Nespresso does taste good but it is not economical if you drink a lot. 

For coffee cream, I use Italian Sweet Cream ready made or use condensed sweetened milk, or evaporated milk. The best!


----------



## MJJEAN (Jun 26, 2015)

john117 said:


> Nespresso does taste good but it is not economical if you drink a lot.
> 
> For coffee cream, I use Italian Sweet Cream ready made or use condensed sweetened milk, or evaporated milk. The best!


I've heard condensed milk is awesome, never got around to trying it. Hmmmm....

Also, define "drink a lot"? Around here, two pots a day is the bare minimum.


----------



## Sun Catcher (Dec 6, 2013)

I have a Nespresso at a vacation home I have, and use it frequently when I am there. At home it is only percolated, I have an electric and an old "campfire" type I use on the gas stove. I prefer the latter. Use a drop of Almond milk in it, no sugar. 

Hubby prefers his really sweet so almond milk and a caramel sauce I make for him with raw honey and maple syrup. 

I also like tea, black. PJ Tips only.


----------



## SimplyAmorous (Nov 25, 2009)

I've never drank a cup of coffee in all my 49 yrs.. I just DON'T like it...I won't touch anything with that coffee taste... 

Love my tea & hot cocoa though...


----------



## Annie123 (Apr 27, 2015)

MJJEAN said:


> My SIL is Turkish. Her parents moved here when she was a child. She has all the gear and can make proper Turkish coffee. Too bad she lives in another state. If she was closer, I'd be at her house daily!
> 
> Have you tried flavored liquid creamers? Those tend to be very sweet, at least to me.
> 
> ...


I've tried french vanilla and hazelnut and they are way too strong and sweet for me. I put regular milk in my coffee, that's perfect  

Yep, coffee kind of sneaks up on you and before you even notice it - you're hooked :grin2:

I started drinking coffee fairly early because coffee is a big thing in my country and you ALWAYS start your day with coffee and no matter how busy you are, you find time during the week/weekends to meet up with your friends to go for coffee. 

In my country, coffee equals socializing, sharing, relaxing. It's a whole process, it can take anywhere from 45 minutes to several hours!

I miss that aspect of coffee here in the US...


----------



## heartsbeating (May 2, 2011)

SimplyAmorous said:


> I've never drank a cup of coffee in all my 49 yrs.. I just DON'T like it...I won't touch anything with that coffee taste...
> 
> Love my tea & hot cocoa though...


This used to be me... up until last year. Then something VERY strange occurred. The first cup was strong and with condensed milk while traveling. I was curious what the locals were drinking.
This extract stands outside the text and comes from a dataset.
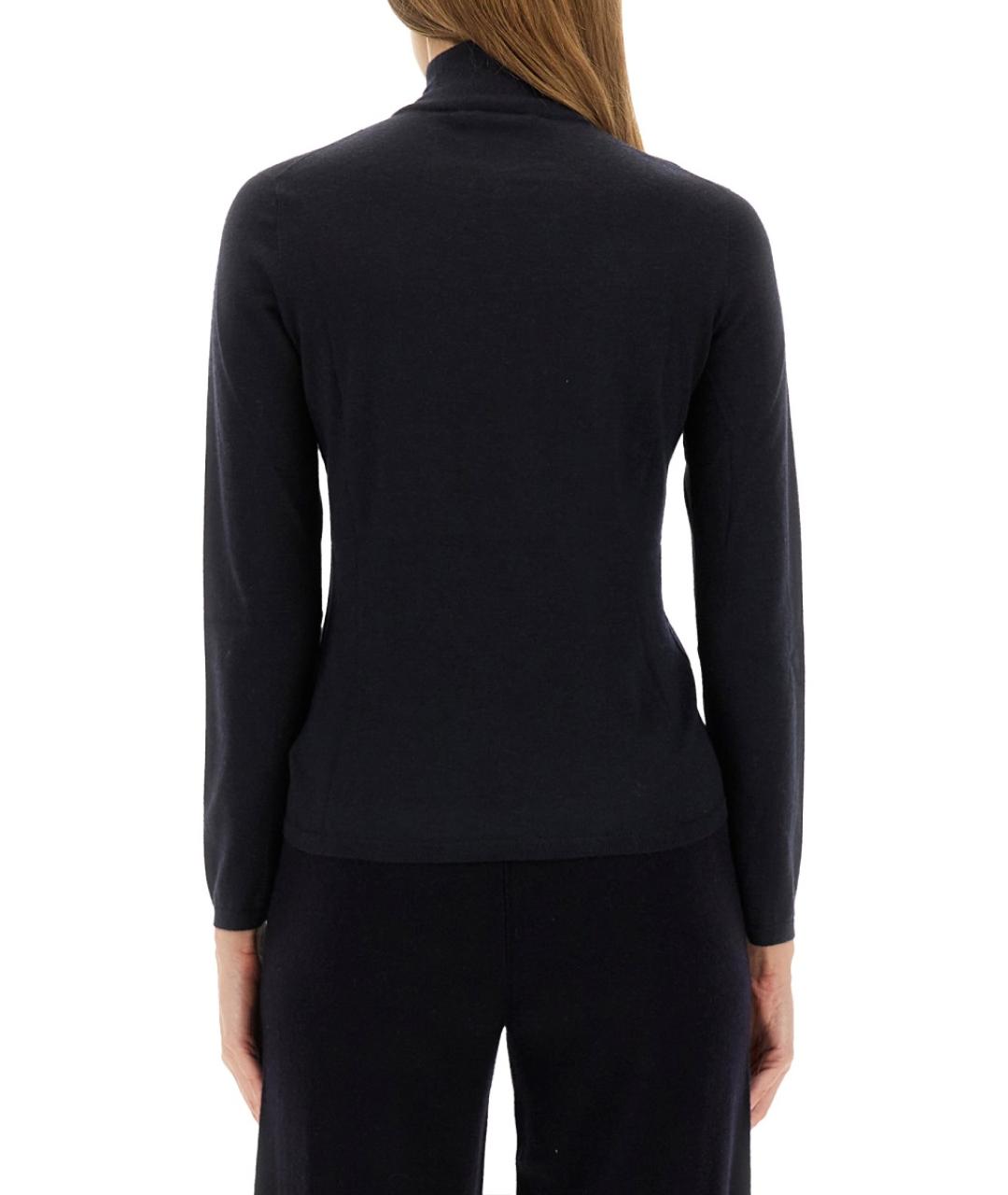 MAX MARA Синяя кашемировая водолазка, фото 3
Despite my hands shaking by the end of the first cup, I became hooked and entered the realm of coffee.

Latte became my go-to with the occasional black coffee before the gym. After a while, I kind of paused and went back to my trustee green tea. This week I revisited coffee. The large size. I NEEDED it at work. Around midday. And buzzed through the afternoons with ease and finesse (at least, that's what the coffee told me).


----------



## Omego (Apr 17, 2013)

OpenWindows said:


> My poem for mornings -
> 
> Coffee, coffee, coffee,
> Coffee.
> ...


^^^^^^^LOL! It's as simple as this. The kids know it, hubby knows it. Don't ask me for anything, just get out of my way as I head for the Nespresso machine.


----------



## Runs like Dog (Feb 25, 2011)

I like my coffee like I like my women; dark, curvy, horny and naked.


----------



## Tomara (Jun 19, 2013)

Three cups of hot coffee and the morning news....Folgers in my house. Get to work and drinking more until it's lunch time. Like it mildly strong and black


Sent from my iPhone using Tapatalk


----------



## MJJEAN (Jun 26, 2015)

Annie123 said:


> I've tried french vanilla and hazelnut and they are way too strong and sweet for me. I put regular milk in my coffee, that's perfect
> 
> Yep, coffee kind of sneaks up on you and before you even notice it - you're hooked :grin2:
> 
> ...


When I was growing up, coffee was what my parents and grandparents drank around the table while we played outside. We weren't even allowed to taste the coffee for fear that we'd get all hyper and ruin something, lol. So, for me, coffee was "that old people drink" that they apparently needed to function like civilized people.


----------



## Annie123 (Apr 27, 2015)

MJJEAN said:


> When I was growing up, coffee was what my parents and grandparents drank around the table while we played outside. We weren't even allowed to taste the coffee for fear that we'd get all hyper and ruin something, lol. So, for me, coffee was "that old people drink" that they apparently needed to function like civilized people.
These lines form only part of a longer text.